“你会对感情产生回避念头吗?”
“……”
时铭嘴里的土豆丝差点呛进气管,他捂着嘴,狠狠咳嗽起来:“咳咳咳……”
段嘉禹拧开他的水壶,递到他的面前。
看着他喝了两大口后,伸手拍了几下他的后背,等他眼角咳出来的眼泪被擦掉后,才接着道:“我感觉你的状态,很像我曾经的一个朋友,或者应该说你比她更加严重一些。”
时铭没有说话,盯着手里的水壶又喝了一口,冷冰冰地装聋作哑。
心想,怎么以前都没人觉得自己有病呢?
现在一个个的,都能看出他不正常。
好在段嘉禹是很能察言观色的人,见他不说话,不问了,很快把话题引到了别的地方,说起了以前他们读书时候的事情。
时铭从前跟他在一个学校读书,还被他对象祁盛坑过,但他对学校的印象却并没有很深刻。
记忆里,好像也就跟祁盛有过几段交集,相比之下,他对段嘉禹的印象就只有祁盛罚站时跟他炫耀的那句童养媳。
“你可能对我没有什么印象,但我对你一直挺愧疚的。”
段嘉禹嗓音清冷,眸色也淡,可看着时铭的眼神,并不让人觉得冷漠,反而说话的时候给人一种涓涓细流般的安心。

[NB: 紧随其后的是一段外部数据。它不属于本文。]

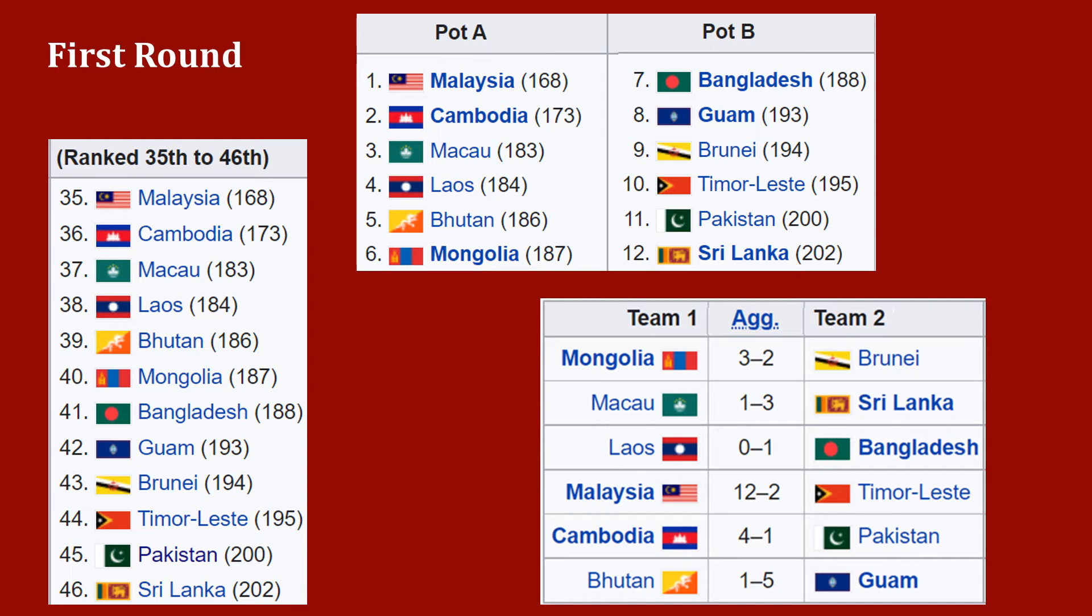The result was a match awarded as a 3-0 victory to Sri Lanka after Macau did not send their team for the match due to safety concerns following the 2019 Sri Lanka Easter bombing. The six winners in both teams qualified for the second round.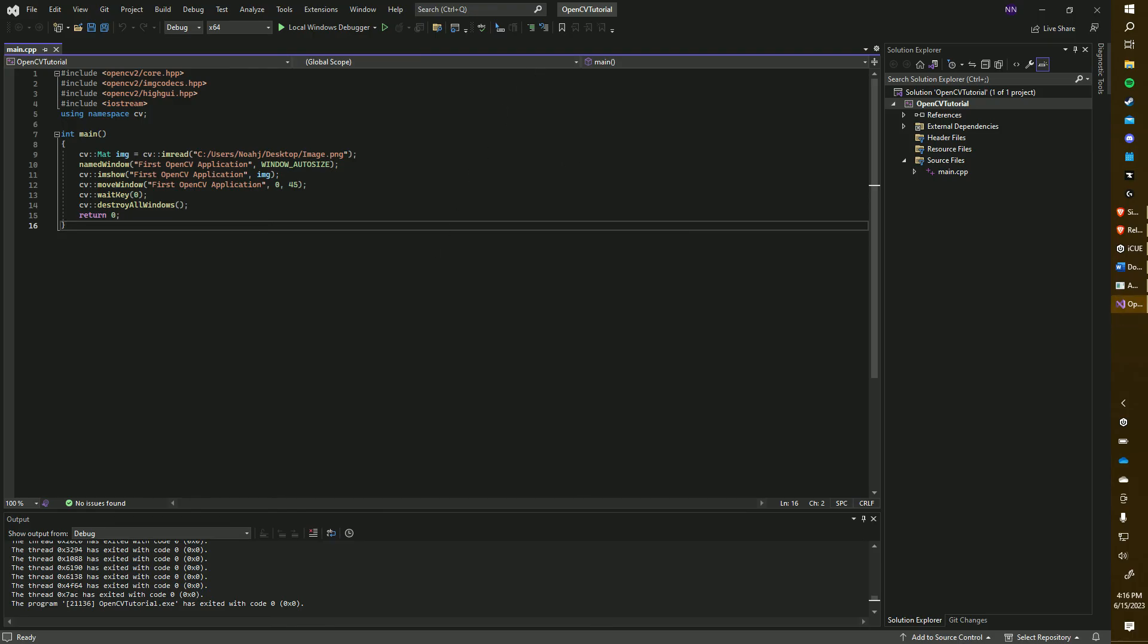That's it, you're all set to work with OpenCV and Visual Studio 2022. If you have any questions, feel free to ask.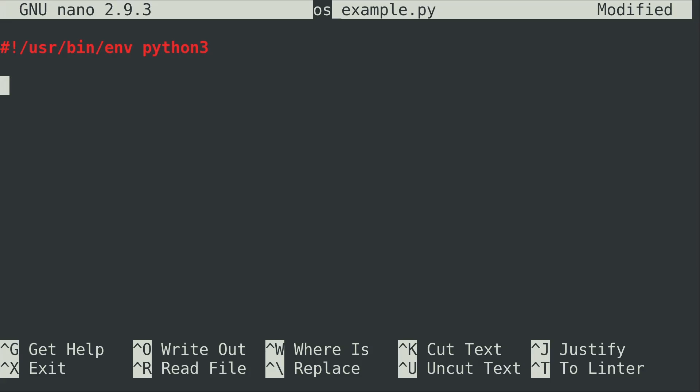In order to use the OS module I'm going to need to import that. So I'm just going to use the import keyword and then the name of the module that I want to import, which in this case is OS. And what this will allow us to do is use the various functions within the OS module that we're importing here.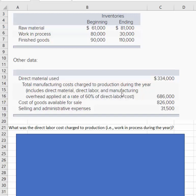They also tell us that overhead is applied to production at a rate of 60% of direct labor cost. They also gave us cost of goods available for sale and selling and administrative expenses.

他说:“你从前跟祁盛逃课翻墙,有大半时候都是我去告的密,还有你帮人代写情书,三年加起来快凑成一本情书合集了吧,也是我告诉你们班主任的。”
时铭:“……”
段嘉禹好像看不到他逐渐冰冷凝固的眼神,平静道:“我那时候就想说了,你收费实在太低了,以你写情书那水平,其实完全可以炒高价。”